Lucia di Lammermoor – Opera in three acts [libretto by Salvadore Cammarano, based on Sir Walter Scott’s novel The Bride of Lammermoor; sung in Italian with English Met Titles by Cori Ellison]
Normanno – Michael Myers
Lord Enrico Ashton – Mariusz Kwiecien
Raimondo – John Relyea
Lucia – Annick Massis
Alisa – Michaela Martens
Edgardo – Marcello Giordani
Arturo – Stephen Costello
The Metropolitan Opera Chorus
The Orchestra of the Metropolitan Opera [Harp solo – Deborah Hoffman; Flute solo – Trudy Kane; Armonica solo – Cecilia Brauer]
Mary Zimmerman – Production
Daniel Ostling – Set Designer
Mara Blumenfeld – Costume Designer
T. J. Gerckens – Lighting Designer
Daniel Pelzig – Choreographer
Reviewed by: Susan Stempleski
Reviewed: 17 October, 2007
Venue: The Metropolitan Opera, New York City
With all the media hype surrounding the Met’s new production of “Lucia di Lammermoor” – much of it centering on soprano Natalie Dessay, who portrayed Donizetti’s tragic heroine in the first six performances of this season – some opera-goers might have feared that this season’s later performances, in which Annick Massis took over the role from Dessay, might not be able to live up to the Met’s claims. Such fears are unjustified. In this performance, the first of Massis’s six scheduled appearances, the lovely French soprano brought her own insights to the role, singing with assurance and appropriate dramatic intensity. Her performance was an unqualified success, as is the production as a whole.

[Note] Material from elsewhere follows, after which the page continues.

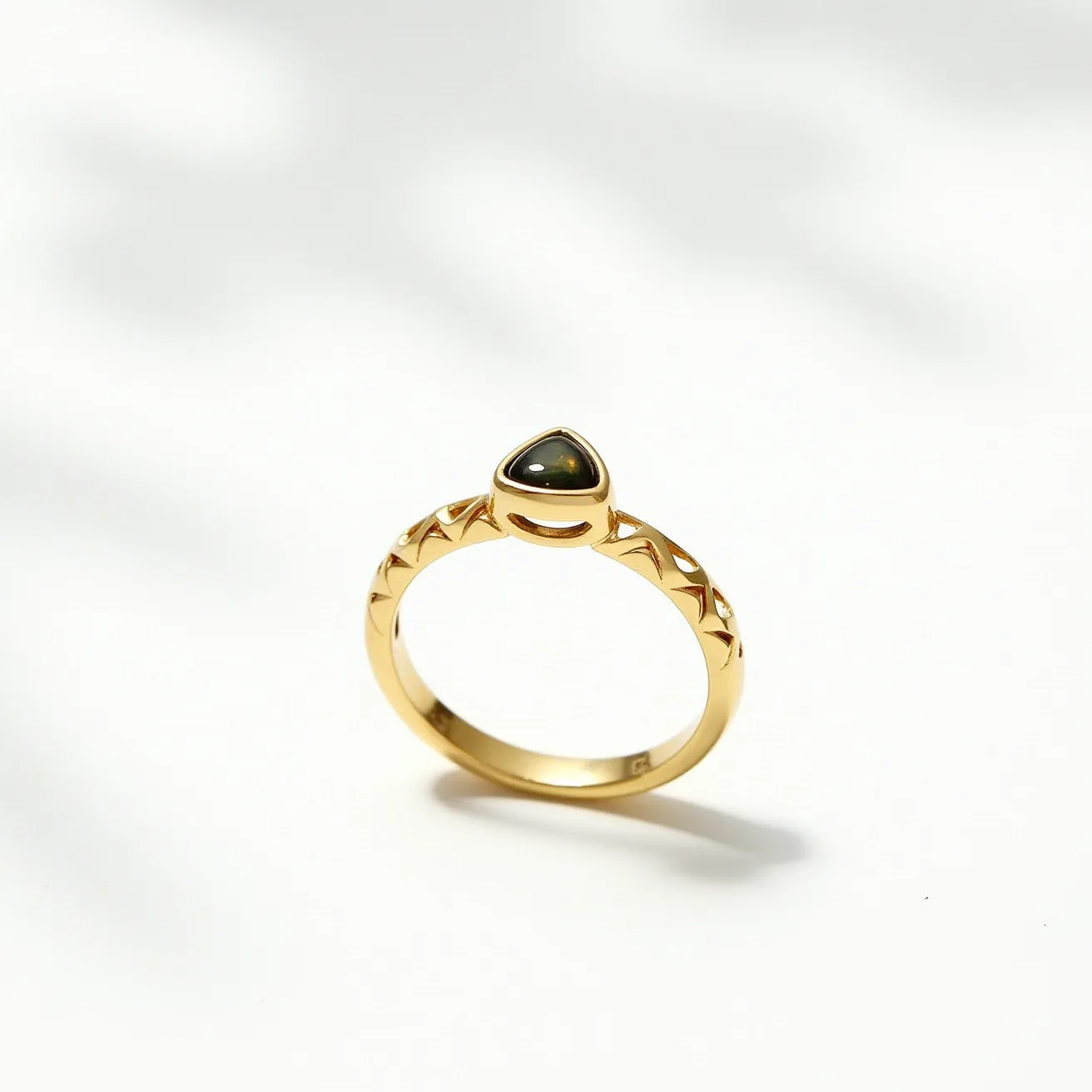 This gemstone ring features a beautifully set dark stone with a smooth, rounded surface, suggesting a cabochon cut, positioned at the top in a bezel setting. The ring is crafted from gold, evident from its yellow metallic luster, which also adorns the band with an intricate pattern of geometric cutouts along its sides. The overall design is elegant and minimalist, with a focus on highlighting the unique shape and hue of the gemstone. The ring does not include any visible clasps or additional attachments, emphasizing its streamlined and classic style.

Mary Zimmerman, an award-winning theatre director (she won the 2002 Tony award for Best Director of a Play) with relatively little experience in opera, is in charge of this wise and beautiful staging of Donizetti’s masterpiece. Without a kilt or tartan in sight, the production still looks and feels very Scottish.
Act One is appropriately gloomy with great, overcast skies, a background of barren trees, a light but portentous snowfall, and two-sad faced Irish wolfhounds. Mara Blumenfeld’s beautiful costumes are attractive without being too attention-grabbing. Massis made a striking but pitiable Lucia in a sensible dark-brown walking-suit, worn with hat and boots. The rest of the cast were clothed in a suitably sombre mix of blacks, greys and browns.
Act Two is a directorial and visual stunner. The great hall of Lammermoor Castle is at first sombre and grand, but in a remarkably smooth bit of stage business Robert Ostling’s set is quickly and successfully transformed into a room fit for a wedding feast. During the famous sextet, ‘Chi mi frena in tal momento’, the entire cast poses for a wedding portrait, an unusual but decidedly effective touch.
The set for Act Three features a gigantic moon, beautiful but ominous. Among the family tombs at Ravenswood, mourners carried large black umbrellas that effectively reflected the lightly falling mist. The performance ends with the extinguishment of the pale, early morning light rather than the fall of the curtain.
This was the closest to a perfect performance of “Lucia di Lammermoor” that I have ever seen. Mary Zimmerman’s stellar production team bring an astonishing sense of unity to the piece.
The singers are all well-cast and in uniformly excellent form. As Lucia, Annick Massis was deeply moving. Lacking the full dramatic power of Callas or the coloratura virtuosity of a Sutherland, she nevertheless made a very persuasive tragic heroine, with a voice full of freshness and delicacy. Her ‘Mad Scene’ was truly affecting as she brought out all the emotions of the text while shredding her bloody wedding veil.
The rest of the cast was also first rate. As Edgardo, Lucia’s lover, the brawny voiced Italian tenor Marcello Giordani delivered an especially moving performance, full of stirring and heroic singing. Act Three showed him in exceptionally good form, as he delivered his dying utterances in the doleful and powerful final Cavatina. Polish baritone Mariusz Kwiecien, a superstar in the making, brought his striking voice and riveting acting style to the part of Enrico, Lucia’s wicked brother. American tenor Stephen Costello, new to the Met this season, was a penetrating and focused Arturo. Another American tenor, Michael Myers, was appropriately malevolent in the role of Normanno. As Lucia’s companion Alisa, American mezzo Michaela Martens was fine.
The magnificent Met Chorus was vigorous and precise. James Levine, not known as a bel canto specialist, but a musician who can conduct anything, led the Met players in a dramatic, emotionally gripping account that was played meticulously from beginning to end.